Amman. Büro der International Catholic Migration Commission, meine erste Stage. Ich bekomme eine Einführung in meine Arbeit. Die Theorie der interkulturellen Kommunikation wird plötzlich zur Praxis. Punkt 1-10 kann ich nicht erkennen. Ich fühle mich eher im Strudel gefangen. Versuche verzweifelt, die unterschiedlichen Datenbanken zu verstehen, die mit verschiedenen Aspekten unseres Projektes verbunden sind und dabei die Zahlen von outreach, beneficiaries, hosts, baby packages, was geplant ist, bereits durchgeführt wurde, noch durchgeführt werden muss oder nur durchgeführt werden kann, wenn wir die neuen Gelder bekommen, nicht zu vertauschen. Eine Eingliederung der Strudelinformationen in mein deutsches Punktesystem gelingt mir nicht. Ich finde das Strudelsystem ineffizient und nicht hilfreich. Kein Wunder, dass „die hier immer so lange brauchen, bis sie was auf die Reihe kriegen“ denke ich genervt und fühle mich strategisch haushoch überlegen.

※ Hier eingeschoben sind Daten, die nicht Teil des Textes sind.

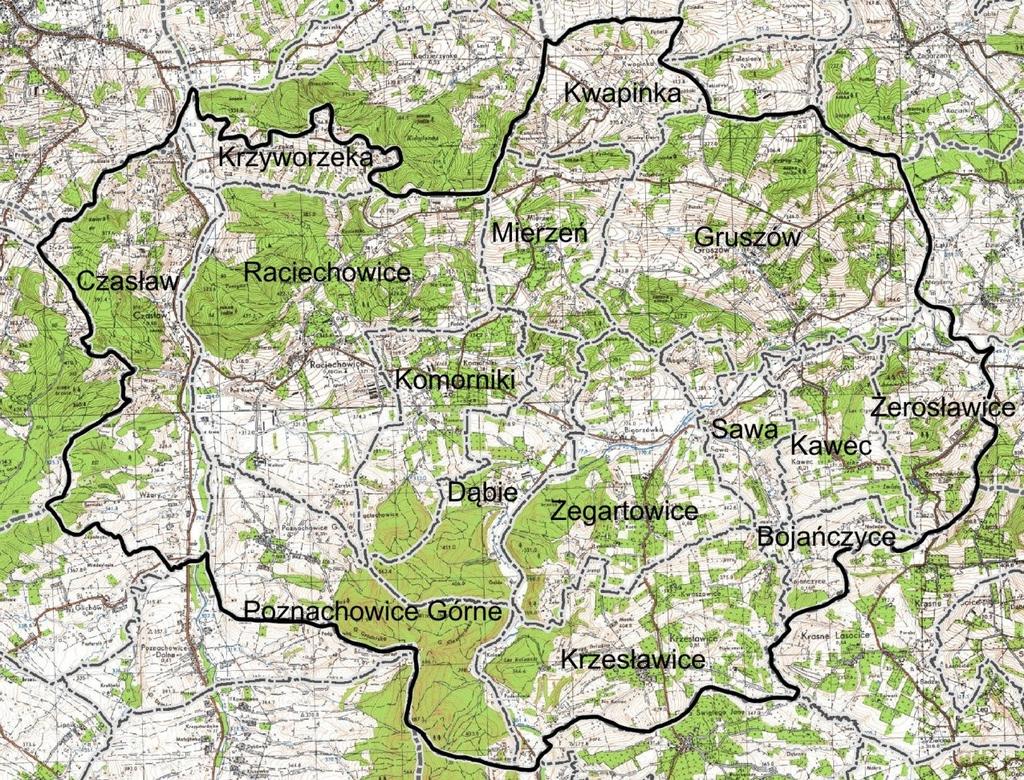 Rys. 3. Mapa poglądowa gminy Raciechowice z podziałem na miejscowości - oprac. własne, podkład mapowy: http://mapy.geoportal.gov.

Amman. Büro des UNHCR. Cash Meeting zur Syria Regional Refugee Response. Das Meeting wird von einem Schweizer geleitet. Die Agenda besteht aus Punkt 1-5. Gerade diskutieren wir Punkt 2 als eine Frage zu Punkt 4 aufkommt. Der Versuch eines Kollegen, mehr Dynamik in das Punktesystem zu bringen – die Diskussion scheint ihm etwas statisch. „Ja, das besprechen wir dann, wenn wir bei Punkt 4 sind“, lautet die Antwort des Schweizers. Und schiebt hinterher: „Jetzt haben wir 25 Minuten über Punkt 2 diskutiert. Können wir hier ein Ergebnis festhalten? Und für Punkt 3 haben wir nur 10 Minuten, also hier bitte kurz halten.“ Verdutzte Blicke von Seiten der meisten Teilnehmer. „Seltsame Art, ein Meeting zu halten“, höre ich nach der Besprechung. „Was will er denn für ein Ergebnis? Und dass er diese Frage einfach so abgewürgt hat, unmöglich“ Ich mag den Schweizer und habe zum ersten Mal seit meiner Ankunft das Gefühl, etwas verstanden zu haben.

Mafraq, Nordjordanien. Hier im ICMC Field Office werde ich in den nächsten Monaten meine Zeit verbringen. Das heißt im Büro und den umliegenden Gemeinden. Hier werde ich mit einem neuen Aspekt von unterschiedlichen Kommunikationskonzepten konfrontiert. Mit Kollegen bin ich unterwegs zu einigen Flüchtlingen. Wie wir sie finden? Straßennamen, Hausnummern – Fehlanzeige. „Hallo hier ist Nasser von ICMC. Wir sind hier am Südtor des Friedhofes. Wo wohnst du? Ah. Ja. Mhm. Ok. Gut. Bis gleich.“ – „Also, wir müssen zu dieser Moschee fahren, da ist ein Fußballclub in der Nähe. Dort rechts in die Straße beim Abu Khaled Supermarkt wieder links, bis zum Kreisverkehr, dann Richtung Norden und beim Bäcker wieder links. Dann bis zum Haus von Ahmad.“ Wer Ahmad ist, wissen wir nicht. Aber wir finden das Haus. Und nicht nur seins. Hier erfahren wir von weiteren Familien, die irgendwo in Wohnungen untergekommen sind und bekommen die Wegbeschreibung gleich dazu. Auf diese Art und Weise treiben wir die ärmsten und bedürftigsten Familien auf. Niemals hätten ich oder andere Kollegen und Mitarbeiter internationaler Organisationen diese Familien gefunden.  Hier in Mafraq fühle ich mich strategisch gar nicht mehr überlegen und finde mein Kommunikationssystem auch gar nicht mehr so effizient.  

Aber einmal mehr freue ich mich darüber, dass es verschiedene Kommunikationskonzepte gibt. Das macht die Kommunikation in interkulturellen Teams nicht immer einfacher, aber ich bin überzeugt, dass man in einer globalisierten Welt auf jedes einzelne Konzept angewiesen ist, um effizient zu arbeiten.